The Georgian House was built in around 1790 for a plantation owner and sugar merchant named John Pinney (1740-1818), who settled in Bristol when he left Nevis. Two black servants, one bought as a child, the other born on Pinney’s Nevis plantation, also lived and worked in the house: Pero Jones (c.1753-1793) and Fanny Coker (1767-1820). Fanny had been given her freedom at the age of 11, Pero remained enslaved.
The House was presented to the city in 1937 and Bristol City Council has operated the site as a period-house museum since 1939. Rooms are open to visitors across four floors, and it is divided into life above and below stairs.
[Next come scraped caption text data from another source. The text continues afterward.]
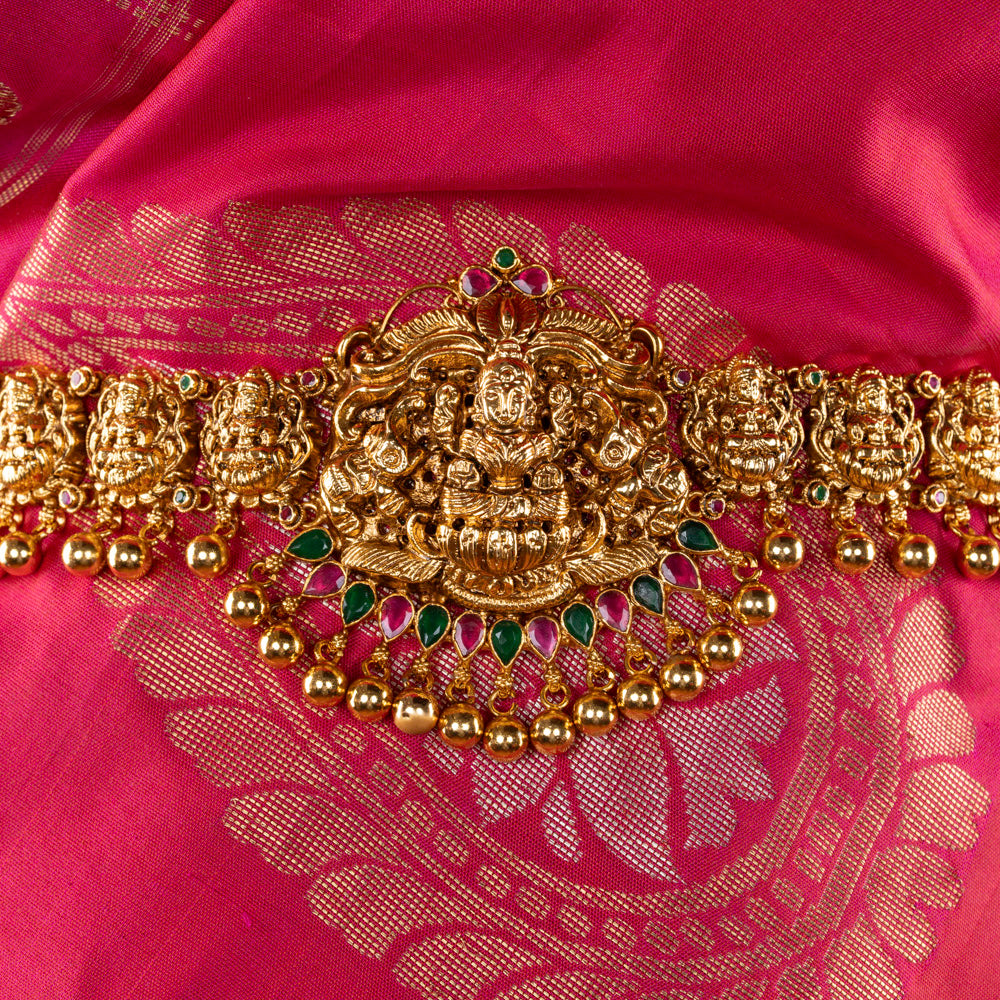 Plain Oddiyanam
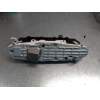 Recambio de cuadro instrumentos para toyota previa (r30) 2.4 16v cat referencia OEM IAM 8380028840 2574106641 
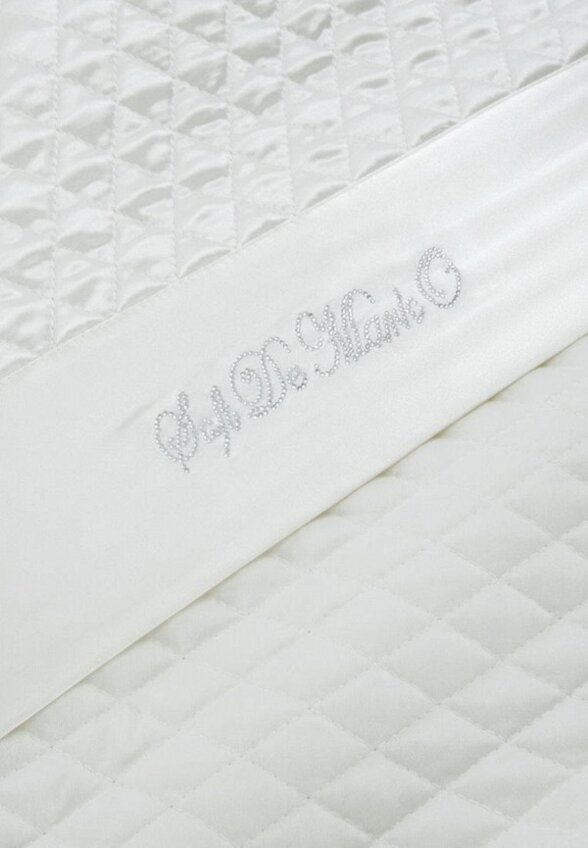 Комплект с покрывалом Sofi De Marko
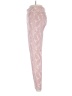 Lands' End Stars Pink Active Pants Size S - photo 5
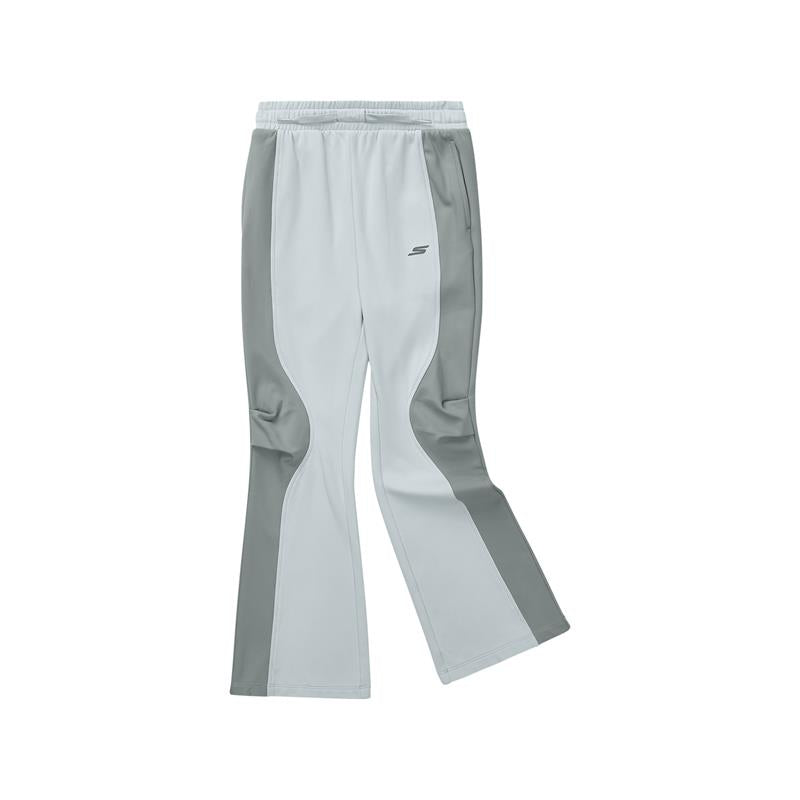 PANTS - P424G010/02BX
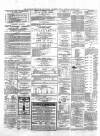 Tipperary Vindicator Friday 29 January 1869 Page 4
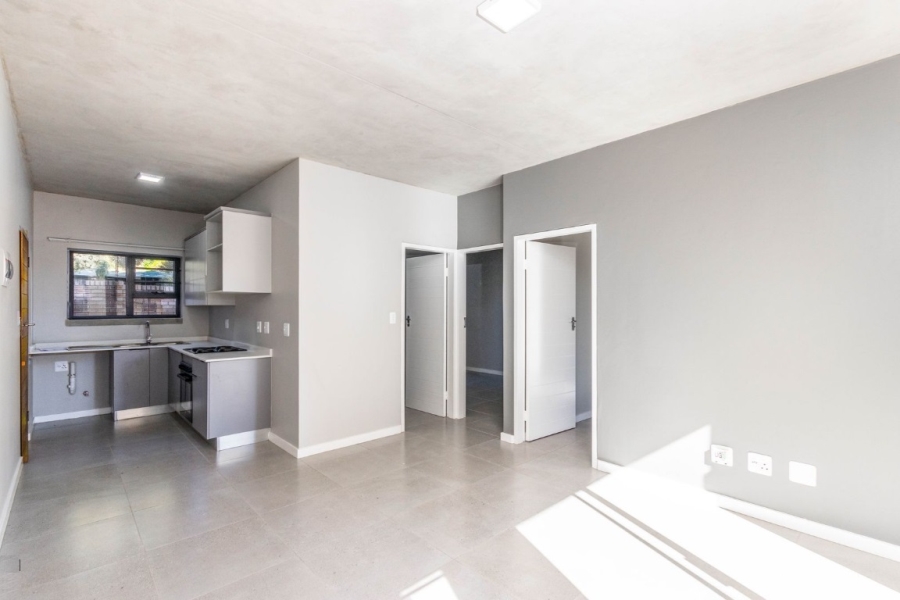 2 Bedroom Property for Sale in Pretoria West Gauteng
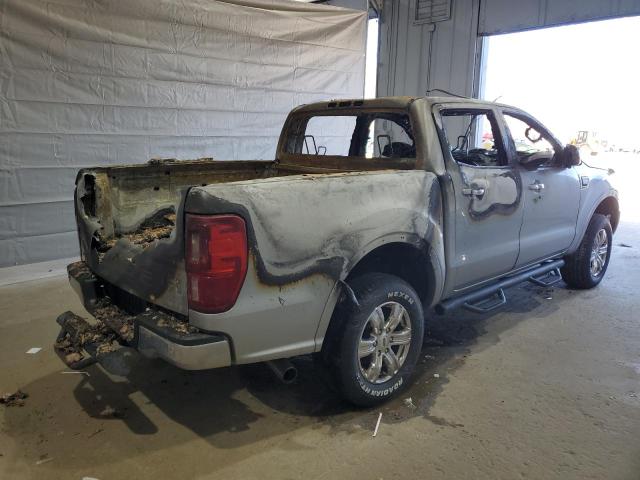 Vin: 1fter4fh8mld85229, lot: 54198585, ford ranger xl 20213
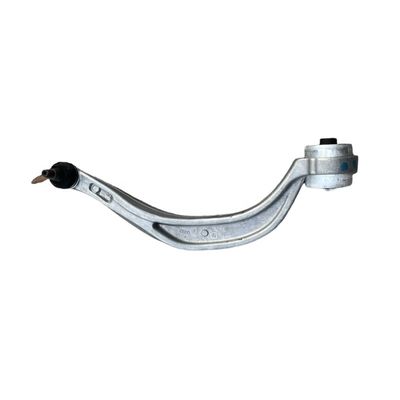 40 Cr bras de commande de l'articulation de la boule bas arrière gauche et droite pour Audi Q5 OE NO. 80A407693G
Life above stairs features rooms such as the Dining Room and Drawing Room across the upper three floors, while life below stairs has the kitchen and housekeeper’s rooms in the basement. Information cards provide details about the objects within the rooms including furniture and paintings, and some information on the people who lived there. It is located in central Bristol near the University and Cathedral.
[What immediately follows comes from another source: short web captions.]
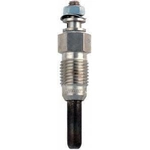Order Glow Plug by AUTOLITE - 1104 For Your Vehicle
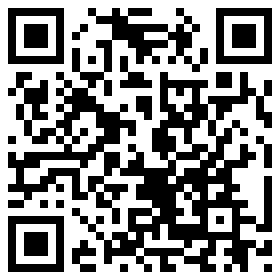 qrcode für Moxa A-CRF-RMNM-LI-300 - LMR 195 LITE Cable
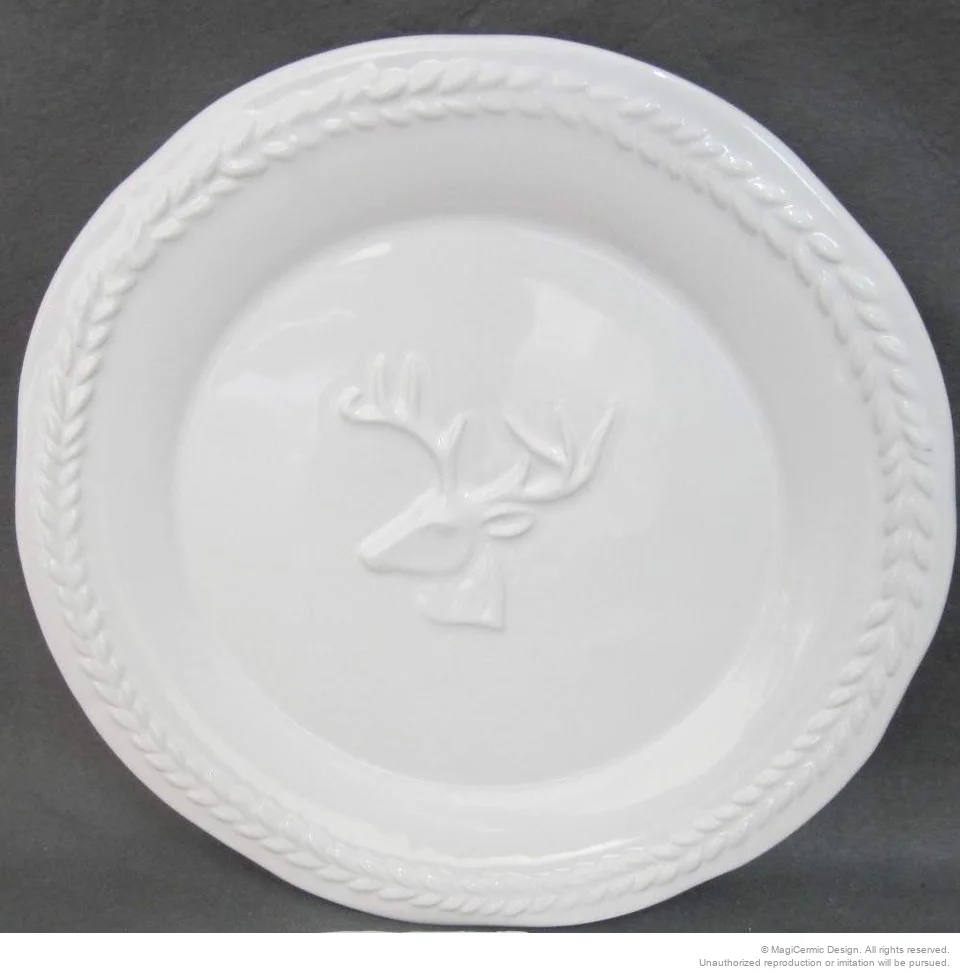 Original product reference: STY13QE18.JPG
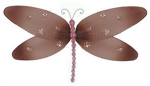 Dragonfly Kingdom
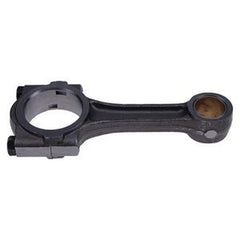 Connecting Rod for Kubota D1305 Engine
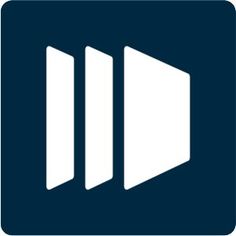 236x236 Best Flashcards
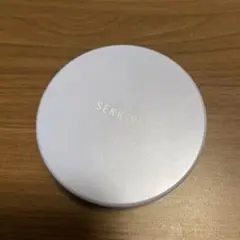 雪肌精 クリアウェルネス スマートミルクパクト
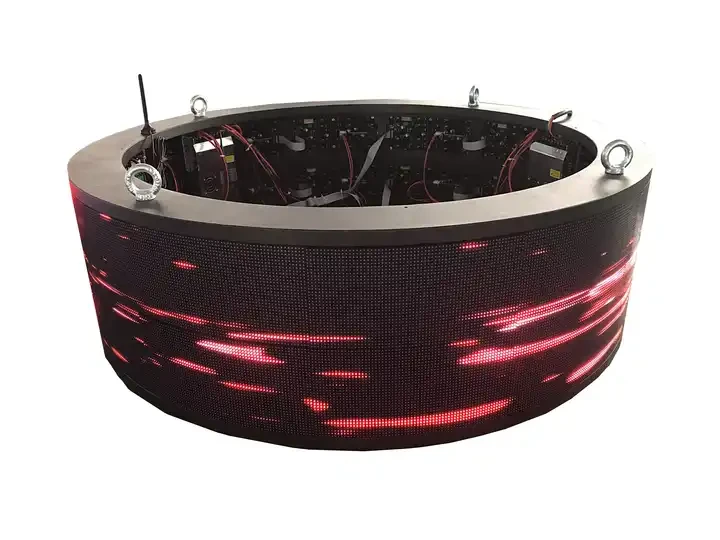 product-720-540 product-720-540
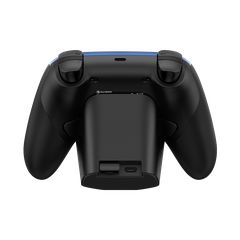 GameSir - Super Nova Multiplatform Gamepad - Nightfall Blue / Nintendo Switch 2-thumb-4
On the second floor there is a small 2D exhibition, in a room next to the bedroom, giving information on the family, the Nevis plantations, and the black servants. Panels have been present in the room since the 1990s, but they were updated and re-installed in April 2018. A large board features the names of the known enslaved people on the Pinney plantations over 200 odd years, and a graphics panel covers nine topics including Bristol and Slavery, John Pinney, Pero Jones, Fanny Coker, Hard Labour and Resistance. They connect the site, and city, to Transatlantic Slavery, through the stories of individual people.
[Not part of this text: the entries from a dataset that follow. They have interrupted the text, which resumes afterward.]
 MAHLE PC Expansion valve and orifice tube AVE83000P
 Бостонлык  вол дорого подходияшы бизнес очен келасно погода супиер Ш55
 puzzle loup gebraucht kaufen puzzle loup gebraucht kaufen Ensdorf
In addition to this display there are implicit and explicit references to slavery throughout the house. Slavery is included on the introductory board and first information card on John Pinney. There are also objects, particularly downstairs, including a sugar cone in the larder and a newspaper discussing the slave trade on the kitchen table. Further audio and information is planned to be added at the house, which will tell more about the slavery connections of the family and house.